The quarries operated for only a short period, however, and the town failed to prosper as metal engraving replaced lithographic stone in providing good quality printing at lower cost.

Indra said a post office was never established in Lithograph City, so the town is rarely found on maps or listed with abandoned towns in Iowa.

"The town's almost complete dependence on the stone, along with a variety of other factors, eventually led to its swift demise," Indra said. "Lithograph City had so much going for it, yet so many things went wrong. Bad timing, the lack of railroad, new printing technologies all led to its demise."

Despite its decline, Lack's collection of the Lithograph City Enterprise newspapers harkens back to a unique time - not only in the area, but in the printing and publishing business.

Before printed books, certain aspects of culture such as history, laws, and church liturgy were preserved only by memory. The first manuscripts were hand-written on papyrus sheets which were glued together and rolled up.

The rise of mechanical printing techniques involved blocks of wood, raised type molded of metal, or images engraved into wood or metal. With the advent of movable type and the production of bound pages, the written word had become more accessible to the general population.

Near the end of the 18th century, the technique of lithography was invented by a young Bavarian playwright, Aloys Senefelder, who sought an inexpensive means of reproducing his scripts. He found that text could be reproduced from smooth slabs of dense, fine-grained limestone inked with a preparation of wax, soap, lampblack and water.

Lithography, as this process came to be known, is derived from the Greek words for "stone" and "writing." It is based on the concept that grease and water will not mix, and that greasy inks will adhere to an already greased surface while unmarked areas will remain clean provided the stone is kept damp during the operation.

At the turn of the 20th century, Lithograph City was founded because of this interest in high-quality lithographic stone.

Sedimentary rocks in this part of Iowa include compact, laminated, lithographic limestones which were deposited during Devonian time (about 370 million years ago) as limey muds in shallow tidal-flat environments associated with cycles of worldwide lowering of sea level.

These limestones were exposed along the Cedar River near the Floyd-Mitchell county line, and in 1914 they prompted Clement Webster, an enterprising citizen of Marble Rock, to establish a settlement called Lithograph City. Here the limestone was quarried and marketed to compete with the more expensive, imported Bavarian stone.

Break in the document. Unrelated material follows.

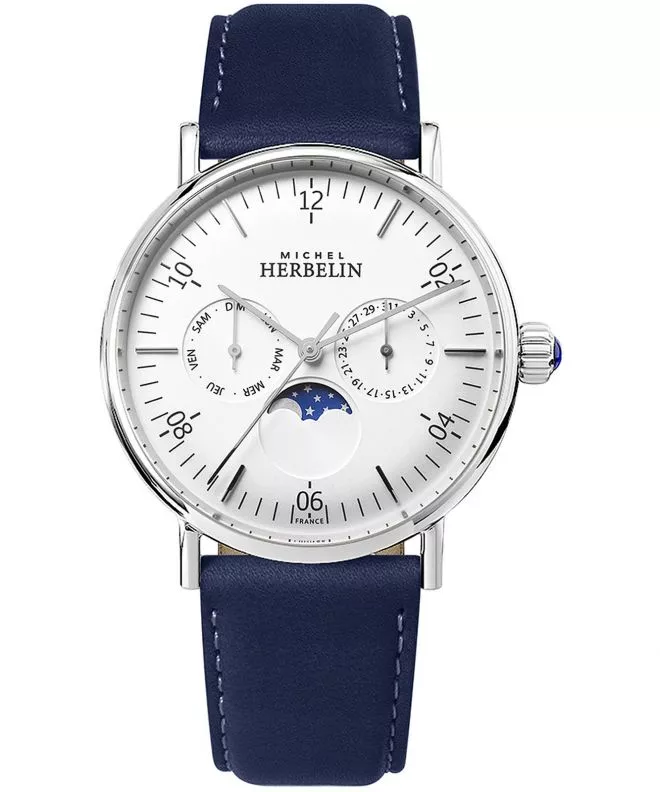 Zegarek męski Herbelin Inspiration Moon Phase 12747/AP11BL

In the 1903 Annual Report of the Iowa Geological Survey, Samuel Calvin noted that samples of Iowa's lithographic stone were submitted for testing to the lithographing house of A. B. Hoen & Company of Baltimore, Maryland. Hoen's "Discussion of the Requisite Qualities of Lithographic Limestone, with Report on Tests of the Lithographic Stone of Mitchell County, Iowa" was also published in this volume.

Clement Webster himself published a journal called Contributions to Science, and the June, 1915 edition is devoted to "Lithographic Stone at Lithograph City, Iowa" and includes 31 photographs, plates, and endorsements from lithographing companies.

Webster recounts that in 1903 the Interstate Investment and Development Company of Charles City submitted samples of stone from its Lithograph City quarries to the Iowa Publishing and Lithographing Company of Davenport, Iowa.

This firm reported the stone's quality as equal to the best German stone for high-grade lithography and placed the material on exhibit at the Louisiana Purchase Exposition in St. Louis. These stone products from the Lithograph City quarries were judged in open competition by an international jury and took the gold, silver, and bronze medals as well as the Grand Prize Award.

Today the stone, chemicals, inks, and papers of lithography are largely the craft of artists and artisan-printers. In 1960, the Tamarind Lithography Workshop Inc. was established in Los Angeles under a grant from the Ford Foundation for the purpose of providing a new stimulus to the art of lithography in the United States.